THE INDEPENDENT STATE OF PAPUA NEW GUINEA
Second Defendant


Waigani: Cannings J
2018: 22 February, 28 March, 28 June


CITIZENSHIP – automatic citizenship – real foreign citizenship – whether persons born in the former Territory of Papua before Independence Day have Australian citizenship – Constitution, Part IV, citizenship.


The plaintiffs sought a declaration that all persons born in the former Territory of Papua before Independence Day (“pre-Independence Papuans”) who were recognised under Australian law as Australian citizens, are still Australian citizens, not Papua New Guinea citizens. Their claim was based on the propositions that: (a) Papua New Guinea became a nation contrary to international law; (b) Pre-Independence Papuans are Australian citizens under Australian law; (c) pre-Independence Papuans have not renounced their Australian citizenship; (d) pre-Independence Papuans had, on Independence Day, “real foreign citizenship” for the purposes of Section 64 of the Constitution and therefore are not PNG citizens; and (e) pre-Independence Papuans are not automatic Papua New Guinea citizens under Section 65 of the Constitution.


Held:


(1) There is no merit in the proposition that Papua New Guinea was formed contrary to international law.

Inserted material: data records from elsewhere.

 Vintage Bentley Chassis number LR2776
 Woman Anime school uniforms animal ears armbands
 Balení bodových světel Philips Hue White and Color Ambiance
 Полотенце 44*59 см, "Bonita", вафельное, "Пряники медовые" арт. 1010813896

(2) Pre-Independence Papuans might be regarded as having a special eligibility status for Australian citizenship. However, the question of whether any pre-Independence Papuan is granted Australian citizenship is a matter entirely for the Government of the Commonwealth of Australia.

(3) The fact that a pre-Independence Papuan has not renounced Australian citizenship will only be relevant if in a particular case the person actually had Australian citizenship.

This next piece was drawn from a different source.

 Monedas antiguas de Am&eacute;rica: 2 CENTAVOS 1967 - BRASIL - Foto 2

(4) Though some pre-Independence Papuans might have been Australian citizens prior to Independence, if they were never granted a right to permanent residence in Australia, they have, under Section 64(11) of the Constitution “no real foreign citizenship” and their citizenship status falls to be determined by other provisions of the Constitution.

(5) Pre-Independence Papuans will in many cases be regarded as automatic Papua New Guinea citizens under Section 65(1) of the Constitution by virtue of being born in the country and having two parents born in the country.

(6) All relief sought by the plaintiffs was refused and the proceedings were wholly dismissed.

(7) Remark: no questions of constitutional interpretation or application were referred to the Supreme Court under Section 18(2) of the Constitution as the answers were straightforward and the questions were trivial.

Cases cited


The following cases are cited in the judgment.


Alois Kingsley Golu v Regett Marum (2013) N5104
Lowa v Akipe [1992] PNGLR 399
Mt Kare Holdings Pty Ltd v Akipe [1992] PNGLR 60


APPLICATION


This was an application for enforcement of human rights by which the plaintiffs sought a declaration as to their citizenship status.


Counsel


I S Ikowari, the first plaintiff in person, for the Plaintiffs
E Geita, for the Defendants


28th June, 2018


1. CANNINGS J: The plaintiffs seek a declaration that all persons born in the former Territory of Papua before Independence Day who were recognised under Australian law as Australian citizens, are still Australian citizens, not Papua New Guinea citizens. The first plaintiff is Ian Smith Ikowari, who is the president of the second plaintiff, the Australian Papuan Civil Rights Council Incorporated. The Minister for Foreign Affairs and the Independent State of Papua New Guinea are the first and second defendants respectively.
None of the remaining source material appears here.